Monday, August 4, 2025

Willful Blindness and Person-Centered Care


You are a character in a YouTube video, dressed in some nautical uniform and aiming to toss a life preserver to someone floating in the sea.  You quickly realize that the target is moving and that a thick fog is swirling around the two of you obscuring your vision and messing with your aim even more.  What can you do?

In the current environment of activities/life enrichment, I know everything is all about person-centered care or person-directed care.  Let’s just say I’m skeptical about how those terms are understood and used.  If you’ve read my other articles, where I’ve reviewed books about the topic of Cognitive Science, you might know why.

Doesn’t setting Person-Centered/Directed Care as a goal assume that it’s possible?  Yes, I know you have anecdotal evidence of some incredible response you got from some residents when you hit that sweet spot of interest and motivation and ability and other unknown factors that happened to help.  What about the rest of the residents? It is so easy to find yourself trying to convince someone to participate in an activity that all your interviewing tells you they should really want to do.  Oh, those happy bang-your-head-against-the-wall moments!

Let me ask some questions.  First, do you have access to the “real” people you’re dealing with?  That’s a trick question, of course, because there is no such thing.  Research shows that we change and keep on changing, minute by minute as well as year by year, and that process doesn’t stop just because you’re 93 years old.  Second, can you find out what people “really” want or think is “important” by asking them?  Research shows that people don’t reliably know what they want and that their answers are basically meaningless as relates to future activity choices.  Third, are you able to mitigate the effects of group dynamics, aka conformity or peer pressure?  Our residents are group members, whether or not we or they recognize it, and the group has a big effect on what they will or won’t do.  Fourth, are you able to control for outside forces, like pandemics, which can actually change how our residents perceive reality?  Fifth, how many of our residents have the desire or ability to direct their own care, much less that of others?  I’m picturing a carload of people trying to decide which restaurant to go to for dinner.  The residents I’m thinking of who had ideas, usually had ideas that were not feasible – crafts none of their cohort could do, outings no one could manage.

I have had folks who used to sing, but won’t sing now.  I have had folks tell me it’s important to be with groups of people but who stay in their rooms now.  I have had folks tell the resident council that they want to watch movies in the activity room, but then don’t come.  I have folks who have dropped out of group activities because someone who sits at the dining room table with them pooh-poohs the whole idea.  I have had wonderful large-group participation where a few natural leaders among the residents made it their job to promote group participation.

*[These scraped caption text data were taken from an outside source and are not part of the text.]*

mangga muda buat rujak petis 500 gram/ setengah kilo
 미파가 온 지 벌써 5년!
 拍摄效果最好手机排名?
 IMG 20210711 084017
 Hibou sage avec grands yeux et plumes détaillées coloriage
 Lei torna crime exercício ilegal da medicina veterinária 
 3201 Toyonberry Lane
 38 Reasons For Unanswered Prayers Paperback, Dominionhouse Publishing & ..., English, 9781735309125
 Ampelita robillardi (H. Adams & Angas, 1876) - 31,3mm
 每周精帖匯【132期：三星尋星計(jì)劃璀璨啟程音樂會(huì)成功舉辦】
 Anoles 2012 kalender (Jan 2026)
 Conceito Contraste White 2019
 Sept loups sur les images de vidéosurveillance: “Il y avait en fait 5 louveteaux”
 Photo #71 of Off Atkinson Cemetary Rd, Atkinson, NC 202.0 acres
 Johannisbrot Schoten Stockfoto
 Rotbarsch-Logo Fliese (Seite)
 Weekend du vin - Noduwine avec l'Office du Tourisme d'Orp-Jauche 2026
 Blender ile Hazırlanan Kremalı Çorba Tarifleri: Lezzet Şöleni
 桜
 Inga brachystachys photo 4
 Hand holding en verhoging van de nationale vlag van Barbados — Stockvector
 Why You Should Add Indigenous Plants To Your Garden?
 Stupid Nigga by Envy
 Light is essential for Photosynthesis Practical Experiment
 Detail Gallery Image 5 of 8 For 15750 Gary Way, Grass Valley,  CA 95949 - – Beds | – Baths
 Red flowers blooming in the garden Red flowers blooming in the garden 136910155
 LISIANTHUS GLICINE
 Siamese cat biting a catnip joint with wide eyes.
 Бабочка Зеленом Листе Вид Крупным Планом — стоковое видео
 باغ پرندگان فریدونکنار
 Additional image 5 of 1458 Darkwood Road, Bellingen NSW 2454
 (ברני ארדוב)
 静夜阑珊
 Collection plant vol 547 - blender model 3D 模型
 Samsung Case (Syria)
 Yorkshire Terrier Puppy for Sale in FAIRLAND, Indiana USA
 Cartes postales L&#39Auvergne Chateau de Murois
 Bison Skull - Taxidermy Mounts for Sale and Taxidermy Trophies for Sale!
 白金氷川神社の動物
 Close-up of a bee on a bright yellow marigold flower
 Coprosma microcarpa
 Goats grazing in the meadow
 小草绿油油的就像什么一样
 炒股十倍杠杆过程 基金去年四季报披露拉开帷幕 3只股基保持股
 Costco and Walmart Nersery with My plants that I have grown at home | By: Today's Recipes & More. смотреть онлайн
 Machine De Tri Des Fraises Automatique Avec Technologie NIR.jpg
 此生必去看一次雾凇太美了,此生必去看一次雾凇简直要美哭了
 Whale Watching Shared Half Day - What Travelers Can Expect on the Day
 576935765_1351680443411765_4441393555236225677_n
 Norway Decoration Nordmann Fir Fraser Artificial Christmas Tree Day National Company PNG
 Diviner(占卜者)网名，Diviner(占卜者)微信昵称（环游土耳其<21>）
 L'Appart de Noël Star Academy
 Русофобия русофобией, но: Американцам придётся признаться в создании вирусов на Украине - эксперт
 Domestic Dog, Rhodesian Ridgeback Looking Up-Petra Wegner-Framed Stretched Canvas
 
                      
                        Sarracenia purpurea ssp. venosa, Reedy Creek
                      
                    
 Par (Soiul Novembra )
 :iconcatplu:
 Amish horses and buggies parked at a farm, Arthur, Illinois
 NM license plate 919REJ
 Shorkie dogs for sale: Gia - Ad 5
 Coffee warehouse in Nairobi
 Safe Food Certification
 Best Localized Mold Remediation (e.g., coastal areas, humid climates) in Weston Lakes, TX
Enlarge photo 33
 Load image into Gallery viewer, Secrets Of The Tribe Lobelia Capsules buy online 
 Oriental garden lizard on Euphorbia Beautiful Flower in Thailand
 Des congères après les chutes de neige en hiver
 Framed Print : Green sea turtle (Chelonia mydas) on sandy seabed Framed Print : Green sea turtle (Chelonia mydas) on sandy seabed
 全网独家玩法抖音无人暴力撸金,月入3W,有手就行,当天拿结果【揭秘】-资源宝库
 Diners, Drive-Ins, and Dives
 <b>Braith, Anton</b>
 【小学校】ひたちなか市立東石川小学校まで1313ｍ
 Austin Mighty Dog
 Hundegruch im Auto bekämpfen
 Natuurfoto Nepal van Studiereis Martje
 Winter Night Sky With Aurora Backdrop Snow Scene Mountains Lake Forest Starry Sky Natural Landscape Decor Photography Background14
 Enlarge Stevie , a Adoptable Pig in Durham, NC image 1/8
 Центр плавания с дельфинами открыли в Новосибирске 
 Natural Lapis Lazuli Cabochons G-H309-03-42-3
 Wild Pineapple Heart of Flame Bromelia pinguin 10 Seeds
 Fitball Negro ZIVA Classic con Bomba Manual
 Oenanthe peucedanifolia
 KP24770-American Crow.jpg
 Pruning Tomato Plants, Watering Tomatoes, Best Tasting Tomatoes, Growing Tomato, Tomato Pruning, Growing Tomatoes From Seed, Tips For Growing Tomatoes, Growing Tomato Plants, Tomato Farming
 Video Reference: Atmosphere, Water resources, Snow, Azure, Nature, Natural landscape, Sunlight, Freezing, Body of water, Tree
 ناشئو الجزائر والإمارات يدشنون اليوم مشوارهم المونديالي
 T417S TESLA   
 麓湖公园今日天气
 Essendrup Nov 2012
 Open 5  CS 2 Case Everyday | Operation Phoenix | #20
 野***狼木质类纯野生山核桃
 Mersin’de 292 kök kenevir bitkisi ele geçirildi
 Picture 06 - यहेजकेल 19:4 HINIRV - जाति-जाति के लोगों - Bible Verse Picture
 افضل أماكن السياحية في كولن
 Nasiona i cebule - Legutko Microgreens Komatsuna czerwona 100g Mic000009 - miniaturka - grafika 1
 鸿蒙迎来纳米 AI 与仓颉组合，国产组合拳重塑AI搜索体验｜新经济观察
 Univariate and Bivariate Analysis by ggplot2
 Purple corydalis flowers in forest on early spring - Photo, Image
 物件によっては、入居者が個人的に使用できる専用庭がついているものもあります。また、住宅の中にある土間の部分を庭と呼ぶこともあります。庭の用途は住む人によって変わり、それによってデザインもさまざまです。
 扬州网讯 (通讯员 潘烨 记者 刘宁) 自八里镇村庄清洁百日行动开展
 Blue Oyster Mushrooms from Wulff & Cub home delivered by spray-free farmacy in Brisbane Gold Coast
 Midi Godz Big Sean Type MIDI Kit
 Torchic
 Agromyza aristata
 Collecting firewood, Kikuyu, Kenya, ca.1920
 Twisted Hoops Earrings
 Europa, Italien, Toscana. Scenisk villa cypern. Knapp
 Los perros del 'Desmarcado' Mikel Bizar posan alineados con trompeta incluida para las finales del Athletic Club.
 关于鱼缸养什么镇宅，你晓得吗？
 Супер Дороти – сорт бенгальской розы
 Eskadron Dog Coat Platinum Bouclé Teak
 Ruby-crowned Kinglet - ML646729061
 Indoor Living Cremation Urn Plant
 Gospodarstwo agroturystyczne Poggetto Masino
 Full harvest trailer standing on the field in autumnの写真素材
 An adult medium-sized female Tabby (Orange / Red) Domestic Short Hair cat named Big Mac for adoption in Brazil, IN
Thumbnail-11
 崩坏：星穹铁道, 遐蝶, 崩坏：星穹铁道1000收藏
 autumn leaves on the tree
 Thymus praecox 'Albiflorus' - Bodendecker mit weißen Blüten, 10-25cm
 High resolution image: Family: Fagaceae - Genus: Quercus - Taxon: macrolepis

In the professional setting, our local activity professional association can’t seem to convince our members that they have enough time to participate in workshops or networking events.  These are people who paid the membership fee to an organization that has typically run several workshops a year.  This buy-in would seem to indicate that they “want” workshops, feel workshops are “important,” and value being with the group.  Right.

In Willful Blindness, by Margaret Heffernan, she discusses the case of the vice chairman of the CIA National Intelligence Council back in the ‘80s.  He had predicted the collapse of the Soviet economy, but didn’t have the data to prove it; that is, until he set up a special office to watch for unusual things, data that wasn’t normally collected.

“One of the benefits of a sense of history is that it can alert us to trends, and sensitize us to weak signals; … When is the information you’re getting denied by the evidence you are not getting?” (237)

I used to teach microscope skills in my biology class and one of the skills that was hard to teach was that sometimes you’ve moved in too close.  Sometimes you need to zoom out and look at the bigger picture.  If I were teaching an activity certification class, I would tell my students to back off a little and make sure they were really familiar with the culture, age, social groupings and cognitive patterns their residents were and are affected by.  I would tell them to make the assumption, if possible (I know there are plenty of exceptions), that the generalized trends of those groups might still apply to the residents’ activity choices.  I would encourage them to be willing to push to create the environment where those trends are used to generate activities that can more predictably apply in general.  And I would tell them to throw stuff at the wall and see what sticks.


© Donna Stuart, ADC  12/3/2022

Heffernan, M. (2011). Willful Blindness. New York: Walker Publishing Company, Inc.